DHAKA - Tens of thousands of mourners turned out Tuesday for the funeral of Bangladesh opposition leader Khaleda Zia's son in a massive show of support for the embattled former premier.
Arafat Rahman Koko, 44, died of a heart attack on Saturday in Malaysia, a devastating blow to the opposition leader after she launched fresh protests this month to try to topple bitter rival Prime Minister Sheikh Hasina.
Police inspector Alamgir, who uses one name, estimated the number of mourners at 50,000 to 60,000, while another police officer put the total at around 100,000.
Traffic ground to a halt in central Dhaka as crowds spilled onto roads around a mosque for the funeral after Koko's body arrived home on Tuesday morning."I joined the funeral because I felt sorry for him. His mother is confined in her office and his eldest brother is in exile in London," said Mohammad Nuruzzaman, a supporter of Zia's Bangladesh Nationalist Party (BNP).
Koko, who was not active in politics, has been living in exile in Thailand and Malaysia since 2008 after the then army-backed government launched corruption cases against him.
He was sentenced to six years in jail and fined US$2.5 million (S$3.13 million) in June 2011 for laundering money through accounts in Singapore between 2004 and 2006, when Zia was in power.
Despite Koko's death, opposition officials said the BNP leader was determined to maintain a nationwide transport blockade she called to force Hasina from office.

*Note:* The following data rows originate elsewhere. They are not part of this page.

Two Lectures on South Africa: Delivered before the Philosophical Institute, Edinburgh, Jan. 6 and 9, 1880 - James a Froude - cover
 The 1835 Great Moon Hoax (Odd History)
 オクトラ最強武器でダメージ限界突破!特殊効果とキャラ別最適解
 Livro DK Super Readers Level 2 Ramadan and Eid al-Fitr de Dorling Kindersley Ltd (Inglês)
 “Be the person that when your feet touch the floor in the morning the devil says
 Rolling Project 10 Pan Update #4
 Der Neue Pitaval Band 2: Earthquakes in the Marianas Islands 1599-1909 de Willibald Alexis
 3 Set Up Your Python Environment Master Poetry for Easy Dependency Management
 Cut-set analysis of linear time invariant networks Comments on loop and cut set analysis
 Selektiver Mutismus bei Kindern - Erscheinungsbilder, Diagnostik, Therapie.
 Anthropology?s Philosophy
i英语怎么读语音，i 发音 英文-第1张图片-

Attempts to enforce the blockade have sparked clashes that have left least 36 people dead.
The latest crisis began when police confined Zia to her office after she threatened to lead a mass rally against Hasina.
Zia wants Hasina to call fresh polls after last year's controversial general election, which opposition parties boycotted on the grounds it would be rigged.
Hasina on Saturday called on Zia to offer her condolences, but, in an apparent snub, the premier was left standing outside the 69-year-old's office before being turned away.
Zia and Hasina are known for their bitter rivalry, which has poisoned Bangladeshi politics for nearly three decades.